True, this generation has a few more years to rebuild their savings, but they likely won't be able to replace their income as well as as boomers have. Going by the theory that people should have enough savings and wealth to replace at least 70% of their income in retirement, Gen-Exers are in a rough spot. Late boomers are on track to replace nearly 70% to 80% of their income in retirement. By contrast, Gen-Xers, at the median, are expected to replace only about half of their income in retirement.
As Pew notes, all this gives policymakers more reason to pay special attention to the obstacles that today's 40-somethings face as they head into retirement.

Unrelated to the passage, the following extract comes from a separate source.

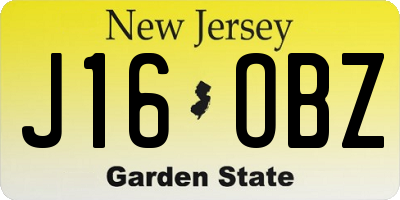 NJ license plate J16OBZ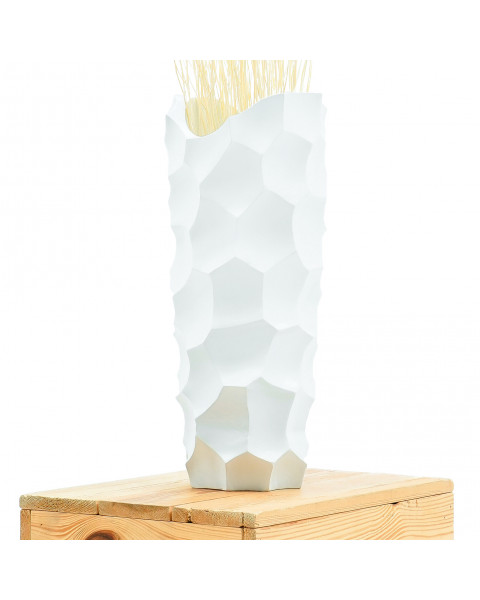 Leewadee Kleine Bodenvase für Dekozweige hohe Standvase Design Holzvase, Holz, 36 cm, Weiß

What's also worth noting is that if Gen-X faces so much uncertainty in their golden years, millennials born in the 1980s and 1990s may have it worse if the job market doesn't turn around soon. Many started their careers after the bust of the dotcom and housing bubbles and barely, if at all, benefitted from those good old days. Many also entered the early part of their working years during one of history's deepest recessions. True they have many more working years ahead of them, but studies have shown that spells of joblessness early on could have lasting negative impacts on future earnings and employment.
In recent years, ownership of homes and stocks, which have historically made up the bulk of American wealth, has steadily declined. If the trend continues years from now, it's worth watching how millennials will fare as they approach retirement, particularly as the future of social security becomes even less certain.